So Paul in this passage has crossed over the Aegean into Europe and has come down the Greek coast to Athens.  Athens was “long past its best,” but it still was held up as the cultural capital of the world, home to Socrates, Plato, Aristotle and the like.  We might find ourselves enamoured by the history of the city, overcome by its philosophies and great teachers. Not so the apostle Paul, he was deeply disturbed and moved by the many idols in the city. He was so moved, any thought of a restful time in this city was gone, as alone, he began to preach and teach the crowd in the still famous Aereopogus:

22 Paul then stood up in the meeting of the Areopagus and said: “People of Athens! I see that in every way you are very religious. 23 For as I walked around and looked carefully at your objects of worship, I even found an altar with this inscription: to an unknown god. So you are ignorant of the very thing you worship—and this is what I am going to proclaim to you.

24 “The God who made the world and everything in it is the Lord of heaven and earth and does not live in temples built by human hands. 25 And he is not served by human hands, as if he needed anything. Rather, he himself gives everyone life and breath and everything else. 26 From one man he made all the nations, that they should inhabit the whole earth; and he marked out their appointed times in history and the boundaries of their lands. 27 God did this so that they would seek him and perhaps reach out for him and find him, though he is not far from any one of us. 28 ‘For in him we live and move and have our being.’[b] As some of your own poets have said, ‘We are his offspring.’[c]

29 “Therefore since we are God’s offspring, we should not think that the divine being is like gold or silver or stone—an image made by human design and skill. 30 In the past God overlooked such ignorance, but now he commands all people everywhere to repent. 31 For he has set a day when he will judge the world with justice by the man he has appointed. He has given proof of this to everyone by raising him from the dead.”

Acts 17

Here are some simple takeaways from how Paul preached the Gospel to the Athenians.

  1. Firstly, he had to correct their view of God.  “He doesn’t live in temples made by human hands”.  He is giving them a knowledge of God known to any Jew, the God revealed to them from their history and the pages of the Hebrew Scriptures.  He is the only God, the creator of all, the God of all the nations. They must be made aware of this for them to understand that the God Paul is speaking to them about, is not one of many.  He is the supreme and only God.

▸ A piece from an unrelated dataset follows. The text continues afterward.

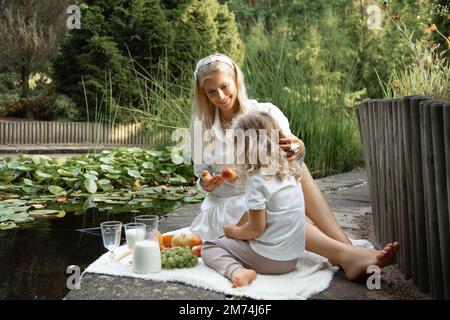 Donna gentile e attraente che nutra la bambina al picnic, con frutta fresca biologica e pranzo al latte nel parco verde vicino al lago Foto Stock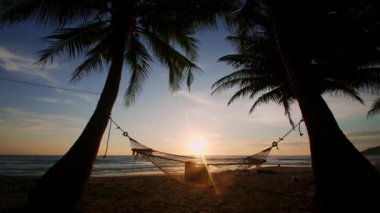 Phuket Tayland. Gün batımında hamakta dinlenen Asyalı genç bir kadın. Genç ve çekici bir kadın hamakta sallanıyor. Yaz tatili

  2. In revealing God to them, He is saying that as God, we as His creatures have an obligation to seek after Him.  How many times do you find people purposely seeking after God?  It’s a rare sight, isn’t it? Yet Paul is saying that this is what we should be doing, in response to how God has revealed Himself though His creation.
  • Paul knows and has read their poets.  He has taken time, or maybe just schooled in some Hellenistic teaching, to know his audience.  He earths his message by reaching out to the Athenians with some of “their own words”.  We should always try to do this in speaking to people about Jesus, trying to reach them where they are at. The message of Jesus has to be “earthed” to people.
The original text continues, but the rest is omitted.